The ablation studies demonstrate the importance of key components in motion recovery:

  • ARAP Regularization: Removal led to a significant increase in tracking error, highlighting its importance in maintaining the coherence of object motion.
  • DINO Features: Utilization of DINO features for tracking vastly outperformed photometric methods, underscoring the robustness imparted by large pretrained vision models.

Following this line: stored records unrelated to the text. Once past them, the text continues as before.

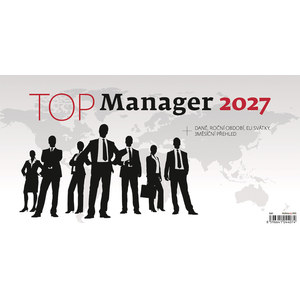 Fotografie k reklamnímu předmětu „Plánovací kalendář Top Manager“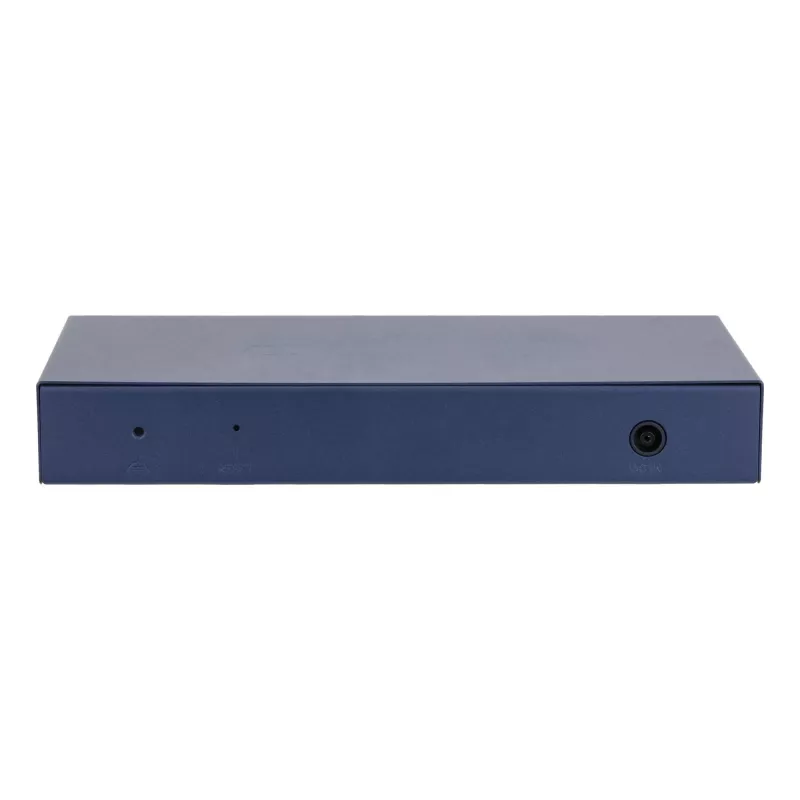 DAHUA CS4010-8ET2GT-110 10-Port Gigabit Ethernet Switch with 8 Fast Ethernet Ports and 2 Gigabit Uplinks, Fanless Desktop Design
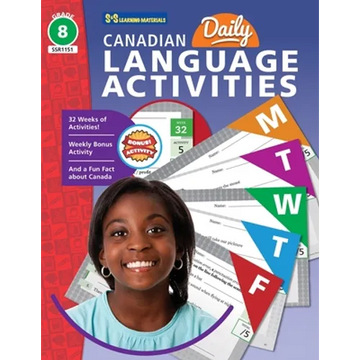 Canadian Grade 8 Daily Language Activities - Paperback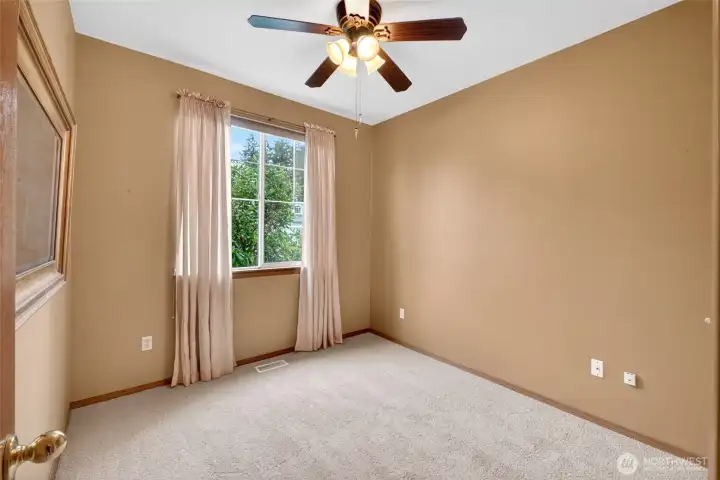 Flexible secondary bedrooms, perfect for guests, hobbies, or a home office.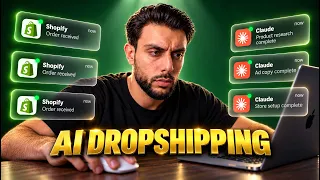 I Let Claude AI Run a Dropshipping Store for 30 Days It Made $12,352 (literally just copy me)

Implications and Future Directions

The findings suggest several practical and theoretical implications:

  • Implications for Imitation Learning: By enabling zero-shot learning from monocular human interaction videos, RSRD reduces the need for extensive task-specific training data, paving the way for more dynamic and adaptable robot learning systems.
  • Flexibility in Robotics: The object-centric approach allows demonstrations to be transferred across different robots and scenarios, increasing the method's versatility in practical applications.

Future Developments

Future research could enhance RSRD by:

  • Adapting to Initial Configuration Variations: Further studies could improve robustness by allowing flexibility in initial object configurations.
  • Automating Segmentation: Increasing automation in object and part segmentation could reduce manual interventions, making the system more scalable.
  • Handling Complex Demonstrations: Enhancing the system's ability to handle demonstrations with complex backgrounds or partial occlusions would improve its applicability to more naturalistic settings.
  • Non-Prehensile Manipulations: Extending the method to include non-prehensile strategies would broaden the scope of manipulable objects and actions.

Conclusion

The paper presents a compelling approach to robot learning from human demonstrations, leveraging advanced vision models and innovative part-motion recovery techniques. RSRD's ability to perform object part manipulations using monocular video inputs represents a significant step forward in the field of robot imitation learning, highlighting the potential for more adaptable and efficient robotic systems in dynamic environments.